Soucieuse de réduire la pollution et les nuisances sonores, la mairie d’Avignon souhaitait limiter la circulation des poids lourds de plus de 38 tonnes sur la rocade Charles-de-Gaulle. Le préfet de Vaucluse, Thierry Suquet, a rendu un avis défavorable, invoquant des risques économiques, logistiques et environnementaux à l’échelle du bassin de vie.
Le projet, porté par la municipalité avignonnaise, prévoyait de restreindre à titre expérimental, pour une durée d’un an, la circulation des poids lourds supérieurs à 38 tonnes sur la rocade Charles-de-Gaulle, entre l’avenue de Tarascon et l’avenue Pierre-Sémard, de 7 heures à 19 heures, tous les jours de la semaine. Objectif affiché : réduire l’exposition de quelque 17 000 habitants à la pollution atmosphérique et au bruit, notamment dans les quartiers prioritaires concernés par le renouvellement urbain.
Coup d’arrêt au projet de Cécile Helle Mais le préfet de Vaucluse, dans un courrier adressé le 21 octobre 2025 à la maire d’Avignon, Cécile Helle, a mis un coup d’arrêt au projet. Après plusieurs mois de concertation infructueuse entre les collectivités locales, les acteurs économiques et les services de l’État, Thierry Suquet a estimé que les conditions techniques, économiques et environnementales ne permettaient pas la mise en œuvre du dispositif ‘dans des conditions acceptables par l’ensemble des parties prenantes’.

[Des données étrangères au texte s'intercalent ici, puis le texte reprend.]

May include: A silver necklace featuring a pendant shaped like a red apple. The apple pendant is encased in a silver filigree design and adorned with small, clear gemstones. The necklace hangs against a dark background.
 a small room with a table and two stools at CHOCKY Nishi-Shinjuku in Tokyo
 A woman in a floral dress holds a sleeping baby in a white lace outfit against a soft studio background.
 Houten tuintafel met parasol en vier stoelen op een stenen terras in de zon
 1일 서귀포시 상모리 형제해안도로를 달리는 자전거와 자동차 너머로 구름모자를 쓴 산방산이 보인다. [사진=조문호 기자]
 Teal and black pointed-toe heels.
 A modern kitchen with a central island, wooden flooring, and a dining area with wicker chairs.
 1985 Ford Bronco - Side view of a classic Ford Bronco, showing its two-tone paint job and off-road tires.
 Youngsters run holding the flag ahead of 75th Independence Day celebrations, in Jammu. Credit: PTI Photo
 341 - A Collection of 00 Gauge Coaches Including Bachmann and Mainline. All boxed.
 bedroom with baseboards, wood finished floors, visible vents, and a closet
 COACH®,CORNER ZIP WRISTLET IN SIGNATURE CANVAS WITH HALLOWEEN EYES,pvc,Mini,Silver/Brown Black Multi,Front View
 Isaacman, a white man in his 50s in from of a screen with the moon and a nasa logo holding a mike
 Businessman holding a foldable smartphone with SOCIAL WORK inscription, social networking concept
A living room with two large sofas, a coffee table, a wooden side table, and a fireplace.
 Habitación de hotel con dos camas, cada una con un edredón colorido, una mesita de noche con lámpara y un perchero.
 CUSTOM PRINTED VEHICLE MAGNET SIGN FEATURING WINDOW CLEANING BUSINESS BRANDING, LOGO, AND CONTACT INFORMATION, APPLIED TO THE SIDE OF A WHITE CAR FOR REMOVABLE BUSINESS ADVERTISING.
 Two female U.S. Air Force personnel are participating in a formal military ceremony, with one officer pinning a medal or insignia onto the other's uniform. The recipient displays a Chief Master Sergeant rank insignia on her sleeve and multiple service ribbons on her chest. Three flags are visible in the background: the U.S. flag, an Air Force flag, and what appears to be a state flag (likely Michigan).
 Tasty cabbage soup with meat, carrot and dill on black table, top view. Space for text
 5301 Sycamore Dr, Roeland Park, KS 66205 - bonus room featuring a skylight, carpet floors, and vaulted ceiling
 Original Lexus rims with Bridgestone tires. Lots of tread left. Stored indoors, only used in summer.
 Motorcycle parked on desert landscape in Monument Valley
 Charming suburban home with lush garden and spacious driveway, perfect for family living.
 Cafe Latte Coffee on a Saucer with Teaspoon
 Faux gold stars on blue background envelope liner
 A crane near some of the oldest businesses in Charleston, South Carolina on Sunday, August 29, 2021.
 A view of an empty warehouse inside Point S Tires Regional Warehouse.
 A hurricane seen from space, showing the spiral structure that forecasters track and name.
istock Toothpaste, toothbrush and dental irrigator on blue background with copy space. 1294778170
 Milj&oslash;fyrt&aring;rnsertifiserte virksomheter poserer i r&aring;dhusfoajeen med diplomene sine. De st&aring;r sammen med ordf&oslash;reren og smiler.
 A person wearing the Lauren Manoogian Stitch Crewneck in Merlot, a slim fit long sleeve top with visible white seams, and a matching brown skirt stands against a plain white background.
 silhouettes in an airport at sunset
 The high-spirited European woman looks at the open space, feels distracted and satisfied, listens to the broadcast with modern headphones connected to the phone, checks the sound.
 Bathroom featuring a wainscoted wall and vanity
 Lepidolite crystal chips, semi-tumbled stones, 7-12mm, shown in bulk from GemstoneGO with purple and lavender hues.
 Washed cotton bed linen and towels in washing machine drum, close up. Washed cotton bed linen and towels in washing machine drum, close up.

Des risques de congestion et d’effets pervers Le préfet relève tout d’abord que les études de trafic produites par la ville datent de 2019, donc ‘insuffisamment actualisées’. Selon lui, les déviations prévues entraîneraient un report de trafic massif vers les communes voisines des Bouches-du-Rhône avec Châteaurenard, Noves ou Eyragues, déjà confrontées à une circulation dense.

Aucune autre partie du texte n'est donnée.